Americans are using more and more energy every year, according to the most recent energy flow charts released by Lawrence Livermore National Laboratory.
Across the board, more energy of every type — everything from renewables, to fossil fuels, to nuclear — is being used. In 2013, Americans used over 2.3 quadrillion thermal units more than in 2012.
That is some very notable growth in energy usage — something that is a real problem when you consider the fact that regardless of any technological improvements that may occur (or may not) in the near-future, energy use will have to decrease to some degree or other with the increasing scarcity of economically recoverable fossil fuels. Also, switching to renewable sources of energy isn’t enough on it’s own to limit carbon emissions to a large enough degree to mitigate severe climate change — decreased energy use would be a requirement — so to see energy use of all types is not decreasing, but actually increasing, is a worrying (though not at all surprising) trend.
The Laboratory has also provided a companion chart that illustrates the nation’s growing energy-related carbon dioxide emissions — carbon dioxide emissions in 2013 in America rose to over 5,390 million metric tons, the first increase since 2010.
The DOE/Lawrence Livermore National Laboratory provides more:
Wind energy continued to grow strongly, increasing 18 percent from 1.36 quadrillion BTUs, or quads, in 2012 to 1.6 quads in 2013 (a BTU or British Thermal Unit is a unit of measurement for energy; 3,400 BTU is equivalent to about 1 kilowatt-hour). New wind farms continue to come on line with bigger, more efficient turbines. Most new wind turbines can generate 2 to 2.5 megawatts of power.
Natural gas prices rose slightly in 2013, reversing some of the recent shift from coal to gas in the electricity production sector. Overall natural gas use increased by 0.6 quads. Losses in the electricity sector were more than offset by greater gas use in the residential, commercial and industrial sectors.
Nuclear energy was greater in 2013 than in 2012. The use of nuclear energy fluctuates a little from year to year. It’s likely that in 2013, fewer reactors were down for refueling than in previous years.
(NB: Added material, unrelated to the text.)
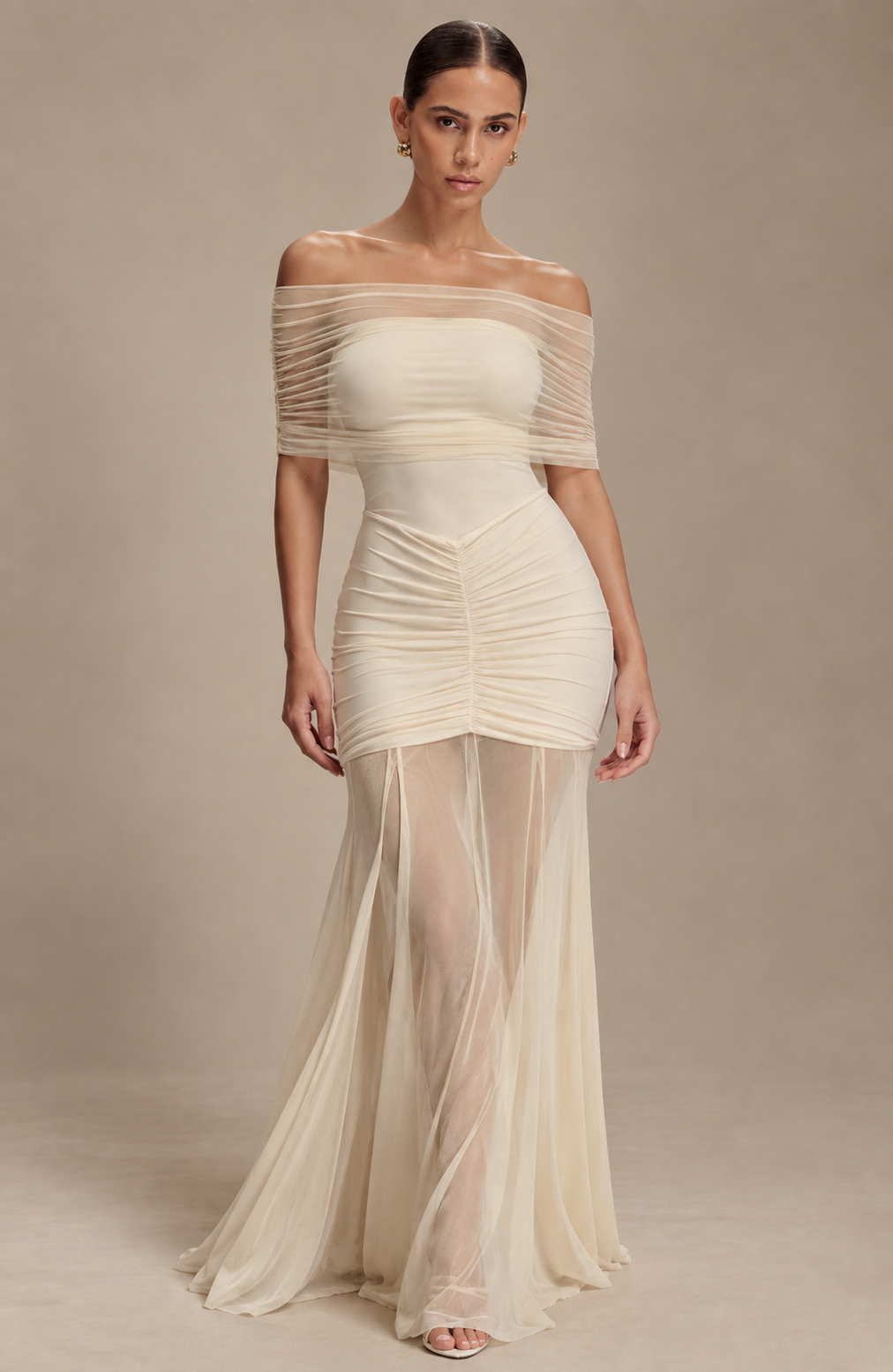 THEIA Maxi Dress - IVORY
However, a few of the nation’s about 100 reactors have recently closed for good, such as the San Onofre Nuclear Generating Station in Pendleton, California.
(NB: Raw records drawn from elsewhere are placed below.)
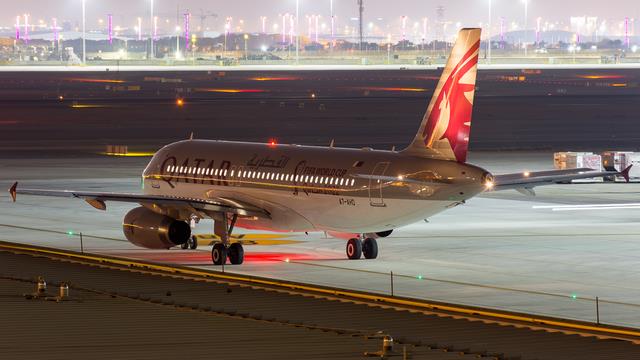 A7-AHD:Airbus A320-200:Qatar Airways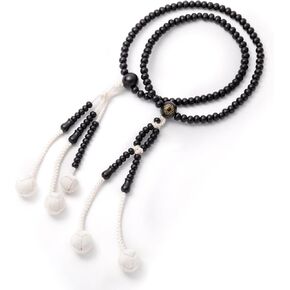 AKAZAWA CHOYO Juzu (Prayer Beads) with Hachiyo Renge Mark | Handcrafted for Soka Gakkai (SGI-USA) Members | Compact 10.2 Inches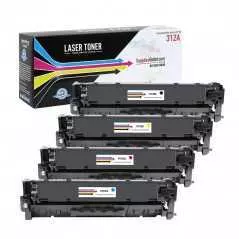 Cartouche Toner HP-312A Noir / Bleu / Jaune / Rouge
The majority of energy use in 2013 was used for electricity generation (38.2 quads), followed by transportation, industrial, residential and commercial. Energy use in the residential, commercial transportation and industrial sectors all increased slightly.
Petroleum use increased in 2013 from the previous year. Simon estimates that, with oil prices remaining relatively constant, this is likely due to the modest economic expansion.
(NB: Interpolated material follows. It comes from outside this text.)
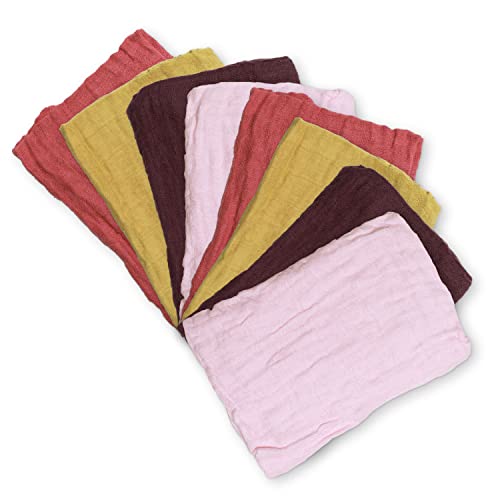 PIPPI Baby 8er Pack einfarbige Spucktücher aus Bio-Baumwolle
Something to note: along with the increase in total energy use, there was an accompanying increase in “rejected energy” — that’s to say, in the amount of energy generated that doesn’t end up being utilized. This “rejected energy” increased from 58.1 quads in 2012 to 59 in 2013.
“Not all of the energy that we consume is put to use,” Simon explained. “Heat you feel when you put your hand on your water heater and the warm exhaust from your car’s tailpipe are examples of rejected energy. Comparing energy services to rejected energy gives a rough estimate of each sector’s energy efficiency.”